TASK STATEMENT -> What is needed is an exact copy of the data below, pictures excluded.

[GIVEN INFORMATION Boundary: Start]

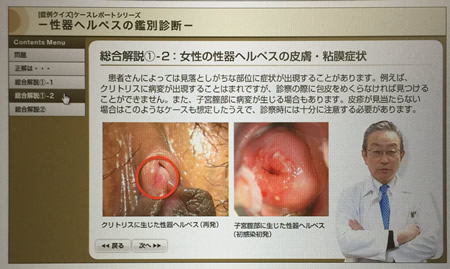 市販薬 精器ヘルペス女性早く治す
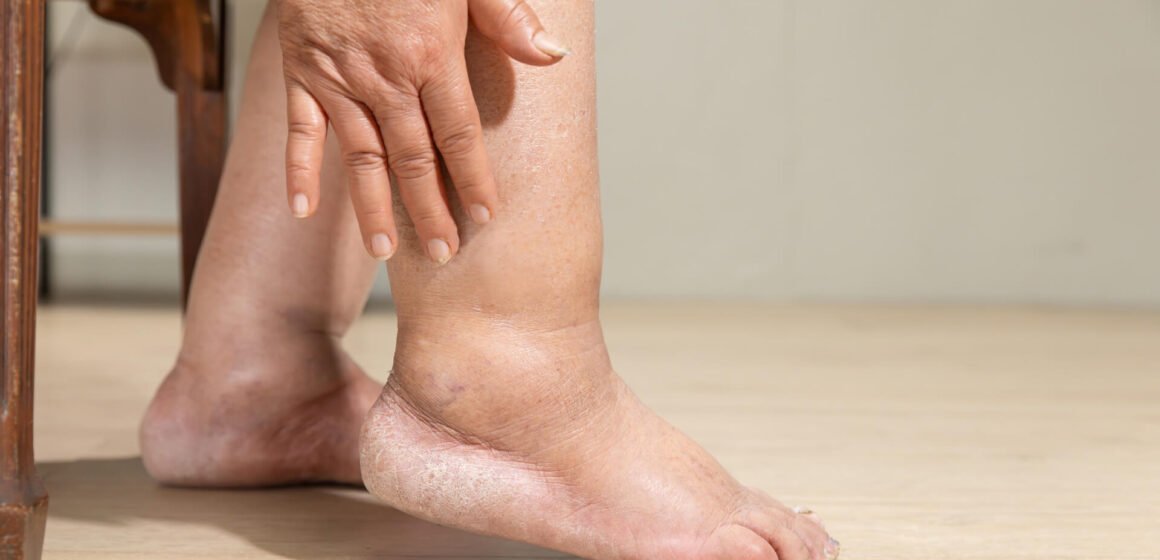Peripheral Artery Disease Peripheral Artery Disease Symptoms: Early Warning Signs You Should Never Ignore
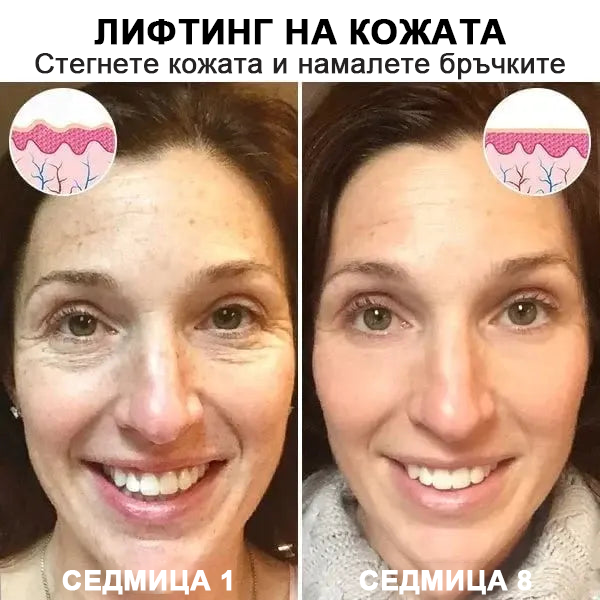 💝Последен ден на промоцията 60% отстъпка - Fubsta™ Укрепващ серум за подмладяване на кожата🔥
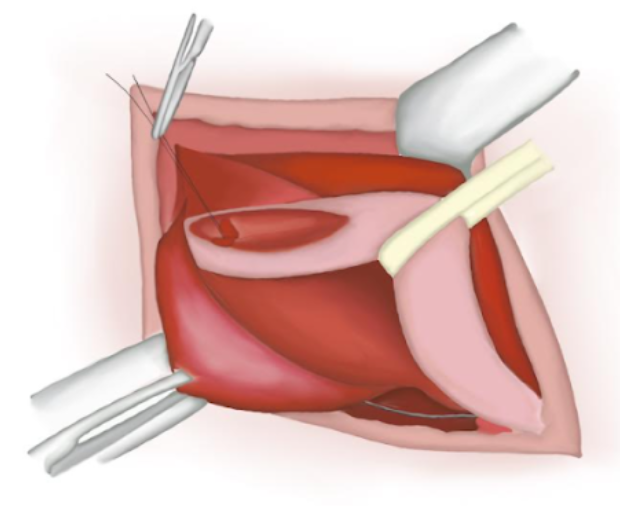 Figure 16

[GIVEN INFORMATION Boundary: End]

YOUR RESPONSE ->
 市販薬 精器ヘルペス女性早く治す
Peripheral Artery Disease Peripheral Artery Disease Symptoms: Early Warning Signs You Should Never Ignore
 💝Последен ден на промоцията 60% отстъпка - Fubsta™ Укрепващ серум за подмладяване на кожата🔥
 Figure 16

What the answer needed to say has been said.